INSTRUCTIONS FOR THE TASK:
Your output should consist solely of the lines from the one holding "Terreno para Venda em Tabua" to the end of the records below, inclusive, reproduced exactly and free of pictures.

DATASET RECORDS section start

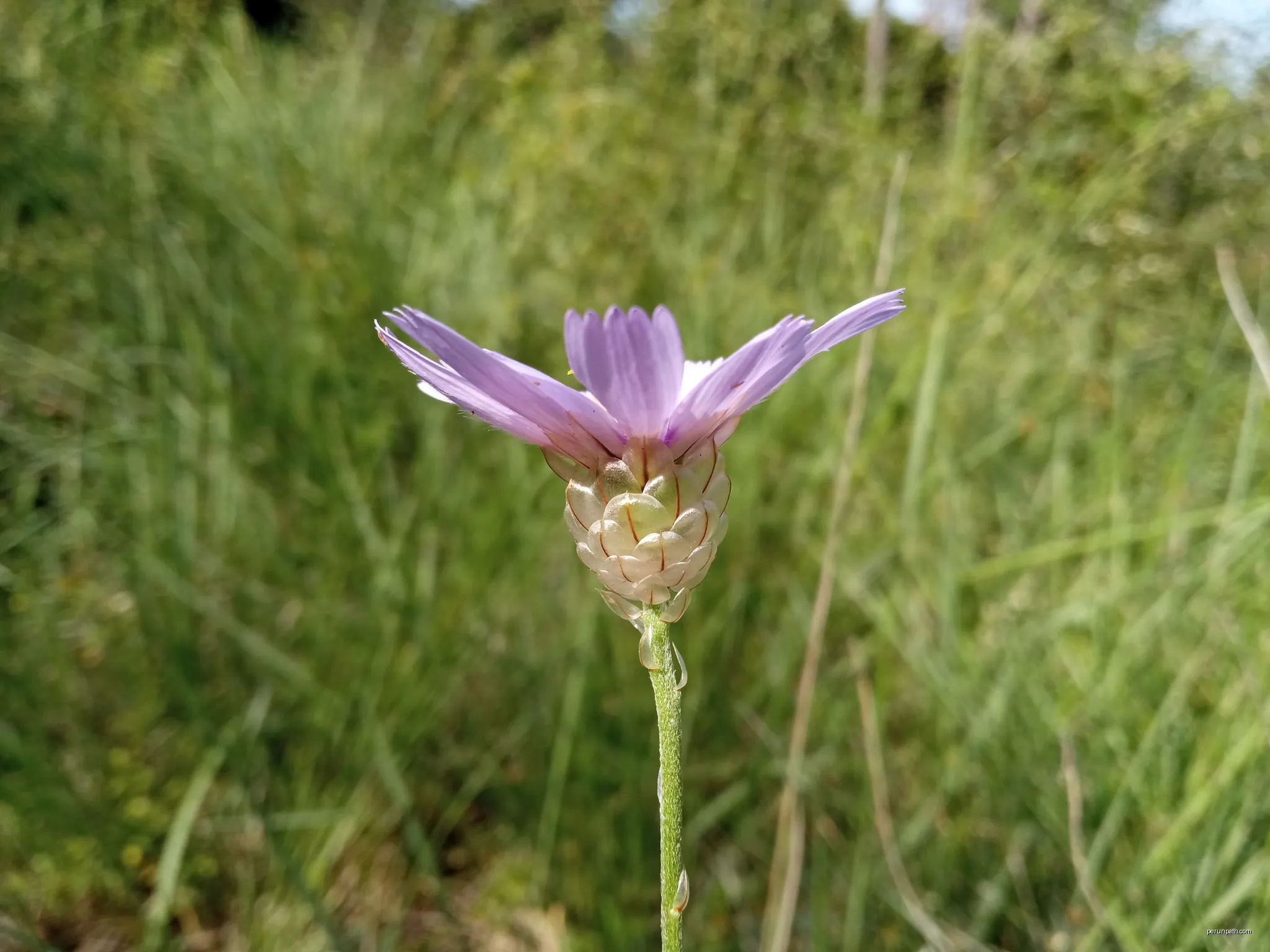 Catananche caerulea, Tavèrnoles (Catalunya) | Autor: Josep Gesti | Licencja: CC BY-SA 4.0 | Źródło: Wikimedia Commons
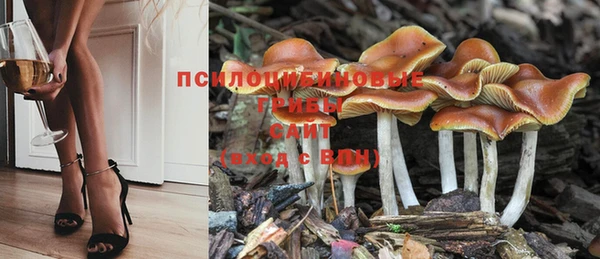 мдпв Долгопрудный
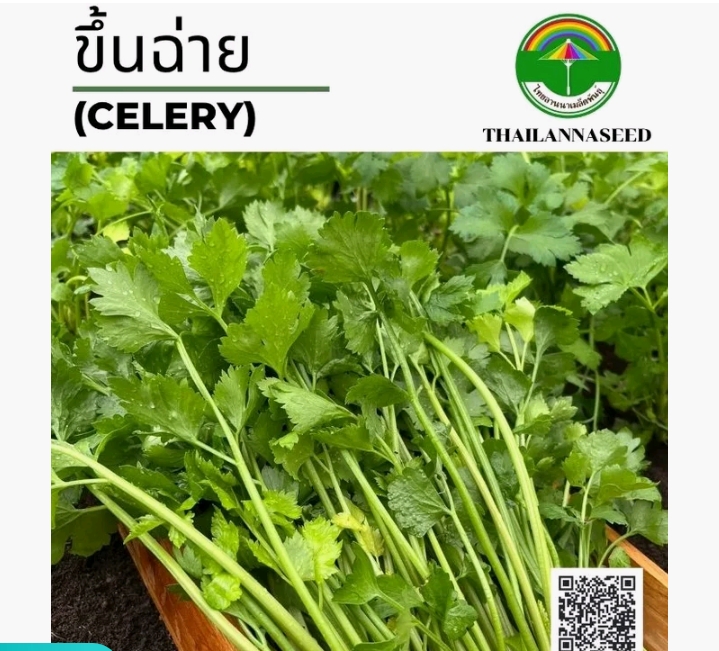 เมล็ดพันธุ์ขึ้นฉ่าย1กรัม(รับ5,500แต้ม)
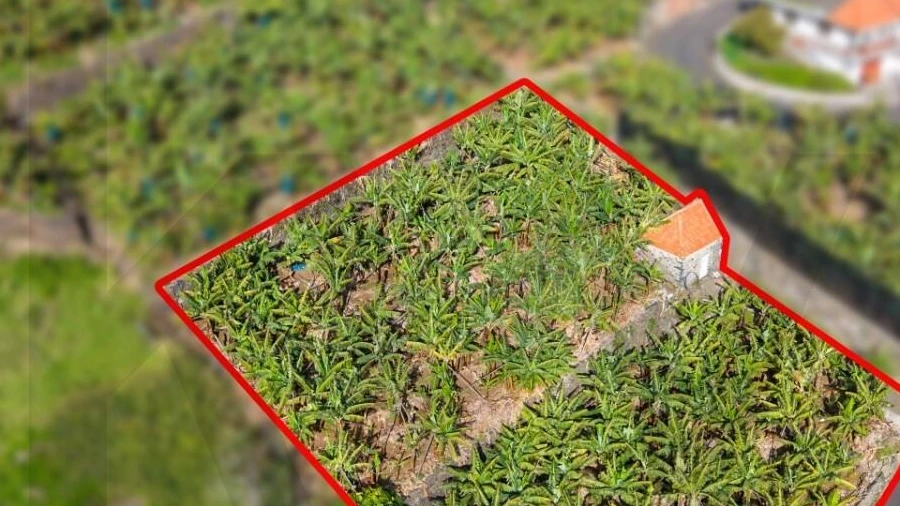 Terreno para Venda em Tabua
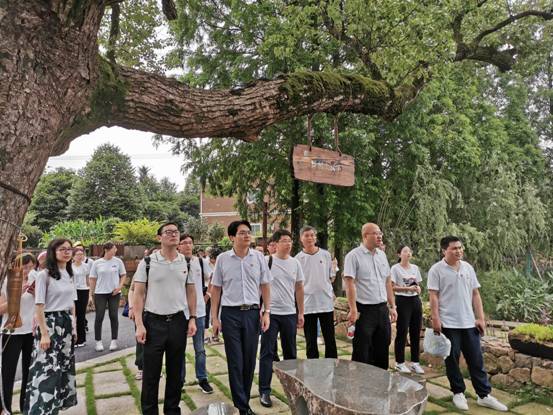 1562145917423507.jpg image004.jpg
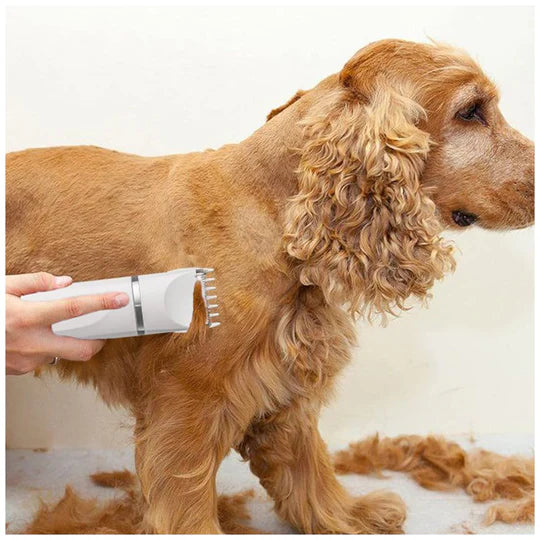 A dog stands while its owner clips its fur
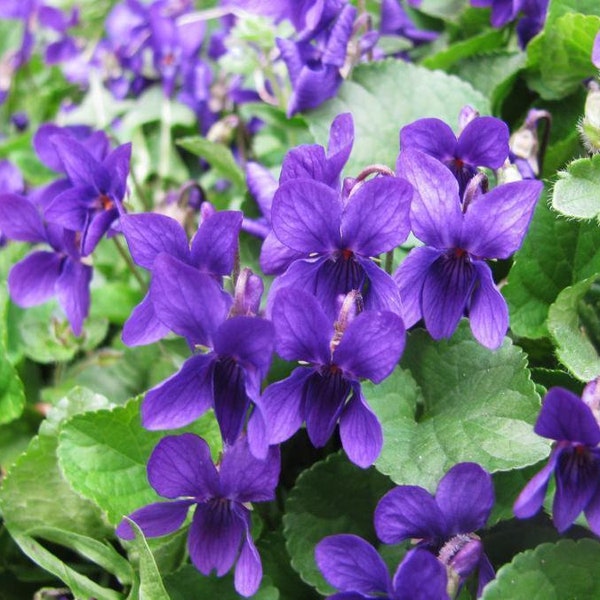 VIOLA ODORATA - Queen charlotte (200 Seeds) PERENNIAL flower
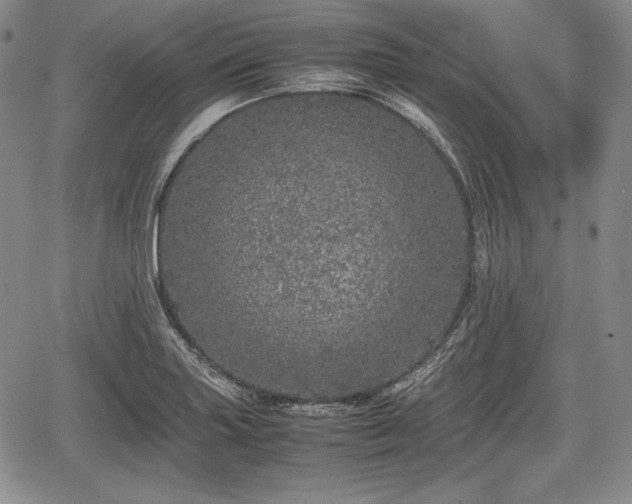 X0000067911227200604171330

DATASET RECORDS section end

YOUR RESPONSE:
 Terreno para Venda em Tabua
 1562145917423507.jpg image004.jpg
 A dog stands while its owner clips its fur
 VIOLA ODORATA - Queen charlotte (200 Seeds) PERENNIAL flower
 X0000067911227200604171330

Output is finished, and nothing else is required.